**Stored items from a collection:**
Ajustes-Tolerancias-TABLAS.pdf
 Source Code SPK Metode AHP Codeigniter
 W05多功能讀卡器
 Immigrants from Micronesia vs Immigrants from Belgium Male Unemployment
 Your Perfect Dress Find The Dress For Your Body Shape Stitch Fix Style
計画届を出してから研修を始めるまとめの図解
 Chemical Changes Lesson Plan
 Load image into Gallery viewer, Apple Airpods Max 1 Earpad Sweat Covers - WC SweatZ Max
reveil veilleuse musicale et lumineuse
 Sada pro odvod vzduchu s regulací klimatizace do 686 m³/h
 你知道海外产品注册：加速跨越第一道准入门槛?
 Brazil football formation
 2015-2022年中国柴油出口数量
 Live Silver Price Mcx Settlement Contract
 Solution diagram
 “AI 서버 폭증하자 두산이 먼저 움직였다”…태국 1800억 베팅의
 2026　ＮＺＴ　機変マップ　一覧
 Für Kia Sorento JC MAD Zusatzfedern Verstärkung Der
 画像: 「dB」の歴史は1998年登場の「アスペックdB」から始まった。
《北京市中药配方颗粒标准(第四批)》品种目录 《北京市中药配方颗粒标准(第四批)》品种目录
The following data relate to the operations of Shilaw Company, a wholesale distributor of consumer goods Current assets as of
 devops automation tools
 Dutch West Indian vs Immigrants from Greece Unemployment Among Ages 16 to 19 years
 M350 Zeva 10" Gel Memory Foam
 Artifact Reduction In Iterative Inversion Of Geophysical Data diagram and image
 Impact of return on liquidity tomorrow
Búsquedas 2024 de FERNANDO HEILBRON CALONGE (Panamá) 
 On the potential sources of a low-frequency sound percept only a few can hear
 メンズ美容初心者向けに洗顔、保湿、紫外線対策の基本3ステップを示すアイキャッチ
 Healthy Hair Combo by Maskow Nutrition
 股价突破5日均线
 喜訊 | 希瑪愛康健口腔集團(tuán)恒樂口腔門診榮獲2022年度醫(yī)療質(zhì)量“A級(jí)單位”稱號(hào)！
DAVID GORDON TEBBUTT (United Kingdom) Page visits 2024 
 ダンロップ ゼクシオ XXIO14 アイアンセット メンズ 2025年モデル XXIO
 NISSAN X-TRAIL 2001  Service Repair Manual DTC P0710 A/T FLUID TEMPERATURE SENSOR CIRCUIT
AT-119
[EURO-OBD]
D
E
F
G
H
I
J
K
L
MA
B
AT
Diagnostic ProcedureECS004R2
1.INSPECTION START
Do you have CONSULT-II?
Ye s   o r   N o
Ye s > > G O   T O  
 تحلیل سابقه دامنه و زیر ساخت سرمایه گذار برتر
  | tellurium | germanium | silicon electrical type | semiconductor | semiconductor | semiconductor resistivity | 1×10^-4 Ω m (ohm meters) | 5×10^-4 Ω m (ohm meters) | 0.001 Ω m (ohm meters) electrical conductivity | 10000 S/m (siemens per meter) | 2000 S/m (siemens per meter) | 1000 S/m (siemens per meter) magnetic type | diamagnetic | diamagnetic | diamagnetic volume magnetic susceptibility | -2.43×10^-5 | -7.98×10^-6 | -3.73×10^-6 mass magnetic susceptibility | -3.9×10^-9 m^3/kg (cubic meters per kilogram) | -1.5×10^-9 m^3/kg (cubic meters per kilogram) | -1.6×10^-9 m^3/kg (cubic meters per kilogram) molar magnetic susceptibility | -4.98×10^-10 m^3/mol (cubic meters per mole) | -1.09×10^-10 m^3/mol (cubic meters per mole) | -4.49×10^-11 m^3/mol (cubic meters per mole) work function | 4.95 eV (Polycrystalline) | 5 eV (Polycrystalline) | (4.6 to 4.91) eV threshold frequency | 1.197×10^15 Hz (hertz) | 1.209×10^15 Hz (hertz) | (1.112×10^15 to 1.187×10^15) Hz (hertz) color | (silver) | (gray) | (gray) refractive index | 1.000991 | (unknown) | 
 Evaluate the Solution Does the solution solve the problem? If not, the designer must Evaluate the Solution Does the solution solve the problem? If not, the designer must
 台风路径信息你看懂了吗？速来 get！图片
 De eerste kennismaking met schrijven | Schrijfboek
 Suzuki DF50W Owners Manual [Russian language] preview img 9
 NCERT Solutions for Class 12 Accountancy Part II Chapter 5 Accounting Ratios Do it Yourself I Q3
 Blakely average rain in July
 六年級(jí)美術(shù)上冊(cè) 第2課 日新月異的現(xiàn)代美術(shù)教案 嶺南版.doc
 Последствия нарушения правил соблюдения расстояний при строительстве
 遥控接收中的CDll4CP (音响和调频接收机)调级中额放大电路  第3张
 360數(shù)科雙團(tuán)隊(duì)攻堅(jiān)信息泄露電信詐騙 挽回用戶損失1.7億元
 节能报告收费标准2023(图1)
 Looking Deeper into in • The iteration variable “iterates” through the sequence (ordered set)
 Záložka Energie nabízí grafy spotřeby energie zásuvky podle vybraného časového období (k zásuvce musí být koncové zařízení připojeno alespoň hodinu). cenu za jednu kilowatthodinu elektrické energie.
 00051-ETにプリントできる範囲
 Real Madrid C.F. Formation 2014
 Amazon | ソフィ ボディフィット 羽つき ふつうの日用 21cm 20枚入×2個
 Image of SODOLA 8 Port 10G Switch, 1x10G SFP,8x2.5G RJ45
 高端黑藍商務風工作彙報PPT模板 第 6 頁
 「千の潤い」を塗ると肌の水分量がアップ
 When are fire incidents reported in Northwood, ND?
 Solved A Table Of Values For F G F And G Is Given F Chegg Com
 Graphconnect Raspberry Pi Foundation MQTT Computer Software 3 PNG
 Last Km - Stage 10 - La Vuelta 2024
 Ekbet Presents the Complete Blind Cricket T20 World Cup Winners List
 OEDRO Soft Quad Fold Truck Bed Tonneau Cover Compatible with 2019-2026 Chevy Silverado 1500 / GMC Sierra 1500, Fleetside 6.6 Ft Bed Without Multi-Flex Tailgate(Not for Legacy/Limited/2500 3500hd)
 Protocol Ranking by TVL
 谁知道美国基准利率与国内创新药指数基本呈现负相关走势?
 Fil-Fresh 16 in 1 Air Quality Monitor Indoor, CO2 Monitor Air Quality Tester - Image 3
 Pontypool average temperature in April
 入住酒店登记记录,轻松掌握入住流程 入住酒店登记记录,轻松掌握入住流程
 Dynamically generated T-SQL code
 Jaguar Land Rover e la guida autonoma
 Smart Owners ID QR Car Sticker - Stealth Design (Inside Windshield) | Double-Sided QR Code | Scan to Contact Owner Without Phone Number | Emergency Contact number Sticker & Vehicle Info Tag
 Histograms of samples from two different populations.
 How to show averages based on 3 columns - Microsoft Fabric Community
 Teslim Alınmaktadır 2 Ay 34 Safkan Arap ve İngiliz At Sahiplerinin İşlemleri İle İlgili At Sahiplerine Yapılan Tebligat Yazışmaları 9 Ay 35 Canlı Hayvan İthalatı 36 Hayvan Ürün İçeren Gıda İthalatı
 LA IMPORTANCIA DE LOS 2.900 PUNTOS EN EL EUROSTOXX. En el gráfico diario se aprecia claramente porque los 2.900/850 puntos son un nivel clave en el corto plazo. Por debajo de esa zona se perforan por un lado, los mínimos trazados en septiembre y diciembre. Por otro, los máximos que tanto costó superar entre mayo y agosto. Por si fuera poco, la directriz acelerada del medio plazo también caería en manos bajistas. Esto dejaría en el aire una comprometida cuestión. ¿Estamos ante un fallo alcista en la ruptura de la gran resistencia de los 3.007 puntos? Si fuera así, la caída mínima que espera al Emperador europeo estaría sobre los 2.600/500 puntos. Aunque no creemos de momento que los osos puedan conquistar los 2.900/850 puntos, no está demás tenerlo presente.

**What you need to do:** Up to and including the line with "تحلیل سابقه دامنه", repeat the entries exactly, beginning at their first line.

**Problem solution:**
Ajustes-Tolerancias-TABLAS.pdf
 Source Code SPK Metode AHP Codeigniter
 W05多功能讀卡器
 Immigrants from Micronesia vs Immigrants from Belgium Male Unemployment
 Your Perfect Dress Find The Dress For Your Body Shape Stitch Fix Style
計画届を出してから研修を始めるまとめの図解
 Chemical Changes Lesson Plan
 Load image into Gallery viewer, Apple Airpods Max 1 Earpad Sweat Covers - WC SweatZ Max
reveil veilleuse musicale et lumineuse
 Sada pro odvod vzduchu s regulací klimatizace do 686 m³/h
 你知道海外产品注册：加速跨越第一道准入门槛?
 Brazil football formation
 2015-2022年中国柴油出口数量
 Live Silver Price Mcx Settlement Contract
 Solution diagram
 “AI 서버 폭증하자 두산이 먼저 움직였다”…태국 1800억 베팅의
 2026　ＮＺＴ　機変マップ　一覧
 Für Kia Sorento JC MAD Zusatzfedern Verstärkung Der
 画像: 「dB」の歴史は1998年登場の「アスペックdB」から始まった。
《北京市中药配方颗粒标准(第四批)》品种目录 《北京市中药配方颗粒标准(第四批)》品种目录
The following data relate to the operations of Shilaw Company, a wholesale distributor of consumer goods Current assets as of
 devops automation tools
 Dutch West Indian vs Immigrants from Greece Unemployment Among Ages 16 to 19 years
 M350 Zeva 10" Gel Memory Foam
 Artifact Reduction In Iterative Inversion Of Geophysical Data diagram and image
 Impact of return on liquidity tomorrow
Búsquedas 2024 de FERNANDO HEILBRON CALONGE (Panamá) 
 On the potential sources of a low-frequency sound percept only a few can hear
 メンズ美容初心者向けに洗顔、保湿、紫外線対策の基本3ステップを示すアイキャッチ
 Healthy Hair Combo by Maskow Nutrition
 股价突破5日均线
 喜訊 | 希瑪愛康健口腔集團(tuán)恒樂口腔門診榮獲2022年度醫(yī)療質(zhì)量“A級(jí)單位”稱號(hào)！
DAVID GORDON TEBBUTT (United Kingdom) Page visits 2024 
 ダンロップ ゼクシオ XXIO14 アイアンセット メンズ 2025年モデル XXIO
 NISSAN X-TRAIL 2001  Service Repair Manual DTC P0710 A/T FLUID TEMPERATURE SENSOR CIRCUIT
AT-119
[EURO-OBD]
D
E
F
G
H
I
J
K
L
MA
B
AT
Diagnostic ProcedureECS004R2
1.INSPECTION START
Do you have CONSULT-II?
Ye s   o r   N o
Ye s > > G O   T O  
 تحلیل سابقه دامنه و زیر ساخت سرمایه گذار برتر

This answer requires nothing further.